Table 2 Model parameters for different video content complexity

4 Proposed method

In HEVC video coding, the relationship between QP and λ is:

$$ \lambda=-\frac{\partial D}{\partial R}\approx q_{factor}\times{2^{(QP-12)/3}} $$
(13)

where qfactor denotes the parameter related to the encoder structure, and its default value is 0.85. From (13), we can derive QPi by:

$$ QP_{i}=3\log_{2}\left( -\frac{1}{q_{factor}}\times\frac{\partial{D_{i}}}{\partial{R_{i}}}\right)+12 $$
(14)

It is shown that the QPi is determined by λi = −Di/Ri. In previous sections, both the distortion and the bitrate fluctuation are based on inter-frame independence. From (6), (10) and (13), we can have:

$$ \lambda_{i}^{\ast}=-\frac{\partial D_{i}}{\partial R_{i}}=-\lim_{{\varDelta} QP \to 0}\frac{{\varDelta}{D_{i}}}{{\varDelta}{R_{i}}}=-\lim_{{\varDelta} QP \to 0}\frac{f_{D}({\varDelta}{QP_{i}})}{{\varDelta}{QP_{i}}}/\frac{f_{R}({\varDelta}{QP_{i}})}{{\varDelta}{QP_{i}}}=-\frac{K_{i}}{H_{i}} $$
(15)

Substituting (15) into (14), we obtain the following QP value:

$$ \widehat{QP}_{i}=3\log_{2}\left( -\frac{1}{q_{factor}}\times\frac{K_{i}}{H_{i}}\right)+12 $$
(16)

Here \(\widehat {QP}_{i}\) represents the frame QP value calculated by inter-frame dependency. In order to avoid the large fluctuation of video coding quality, this paper adopts the weighted sum of \(\overline {QP}\) and \(\widehat {QP}\) to obtain new frame QP value,

$$ QP_{i}=\overline{QP_{i}}\times w+\widehat{QP}_{i}\times{(1-w)} $$
(17)

where w ∈ [0,1].

The weight coefficient w, affects the final frame QP value as in (17). This paper statistically analyzes the BD-BR performance according to different w values. The results are shown in Fig. 8, where the BD-BR shows best when w is around 0.53. Therefore, we set the value of w to 0.53.

Fig. 8
figure 8

BD-BR under different w. a The fitted curve of Bqsquare. b The fitted curve of Racehorses

5 Experimental results

The platform used in this paper is HM-16.0. To evaluate the accuracy of proposed K and H prediction model, we statistically analysis the predictive error of these two models in Fig. 9. It is shown that more than 95% of prediction errors are concentrated in the range of zero-centered [-0.04, 0.04]. The error statistics of the rest sequences are shown in Table 3, which demonstrates that the proposed models can make an accurate prediction of K and H.

Table 3 Prediction accuracy statistics
Fig. 9
figure 9

Predictive error statistics histogram. a Predictive error of Bqsquare. b Predictive error of Racehorses

Two other related approaches are also tested for the coding efficiency comparisons, which are Li’s [14] and the QP cascading (QPC) algorithm [30]. The rate-distortion performance is evaluated by BD-BR and Bj⊘tegaard Delta PSNR(BD-PSNR), where negative value of BD-BR or positive value of BD-PSNR represent performance gains.
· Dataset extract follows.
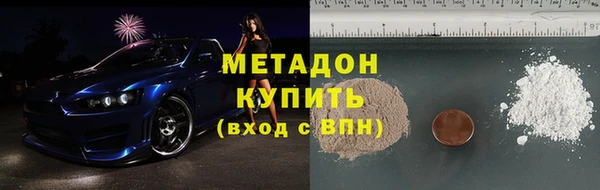 2c-b Армянск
The coding results of the three algorithms are shown in Table 4, where the default RA configurations [2] in HM is used as the benchmark. It can be seen from Table 4 that Li’s algorithm increases BD-BR by 5.86%, QPC reduces BD-BR by 1.09%, and the proposed algorithm reduces BD-BR by 1.62% on average, which indicates that the proposed algorithm can effectively reduce the number of coding bits, with the video coding quality being the same.
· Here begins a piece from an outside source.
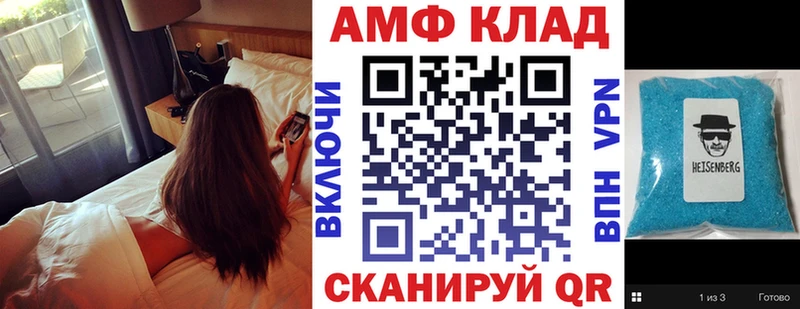 купить закладку мега ТОР Амфетамин VHQ Каменск-Уральский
Table 4 Coding performance comparison

In addition, it is shown that the performance of the proposed algorithm varies with the video content. The average BD-BR performance of Class A and D is better than the other sequences by using the proposed algorithm, like Traffic, PeopleOnStreet and BlowingBubbles sequences. This is because there is less motion in Class A and D. The coding blocks can easily get optimal reference blocks from adjacent frames instead of multi frames in the list of reference frames. Therefore, the reference frames of Class A and D are referenced at a higher frequency, which means higher inter-frame dependency. Conversely, there is dramatic foreground and background motion in the sequences of Class B, C and F. The reference frames are more dispersive, resulting in weaker inter-frame dependency with unnoticeable performance improvement. Since the parameters used in the proposed models can be obtained from off-line preprocessing, the proposed algorithm increases the computational complexity insignificantly. During the evaluation of the proposed algorithm, we find that the additional time incurred by the proposed algorithm is less than 0.5s, which can be ignored in practice.
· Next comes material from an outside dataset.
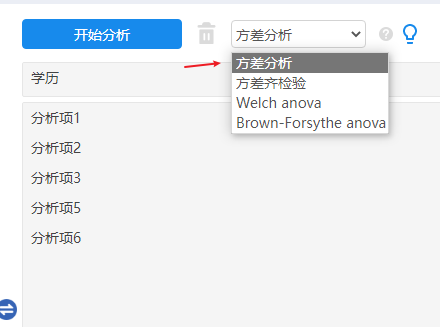 方差分析变量选择截图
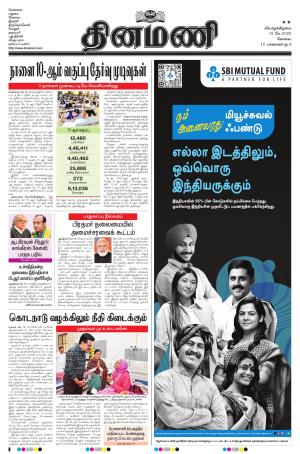 Dinamani-Coimbatore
Compared to [14, 30], the proposed algorithm performs better. From Table 4, it can be seen that Li’s algorithm only works well for sequences with slow motion. That is because the parameters updating in Li’s algorithm is depending on the parameters of the latest former GOP, which can’t reflect inter-frame dependency of the current GOP for those sequences with fast motion. In the QPC, the inter-frame dependency is only illustrated by a static parameter δ for all video sequences, which makes the algorithm non-adaptive for different video content and limits the algorithm performance. In the proposed algorithm, the model parameters are divided into three stages depending on the average video content complexity, which makes the model become universal for various video content. When the proposed algorithm is employed in LD configuration, the performance decrease at about 0.5% with BD-BR. The root reason is that LD is a forward-reference encoding structure, which means that encoding error can only propagate to the current frame from one single direction. However, RA is a bi-directional reference encoding structure, the encoding of the current frame is related to more frames, which means the inter-frame dependency in RA is stronger than that in LD. It also reflects that the proposed algorithm can exploit the inter-frame dependency better and get a better performance.

6 Conclusion

In this paper, we have proposed a frame-level QP selection algorithm based on inter-frame dependency. Firstly, the distortion fluctuation model between ΔD and ΔQP is established to illustrate the inter-frame distortion propagation. Then, the rate fluctuation model between ΔR and ΔQP is also formulated in a similar way. With these two mathematic models, we determine the Lagrangian multiplier (λ) in terms of dependent RDO. Finally, with the optimized λ, we optimally refine the QP in the sense of dependent RDO. The experimental results show that the proposed frame-level QP selection algorithm can decrease BD-BR by about 1.62% at the RA configuration and 1.13% at the LD configuration respectively. And it doesn’t increase complexity significantly.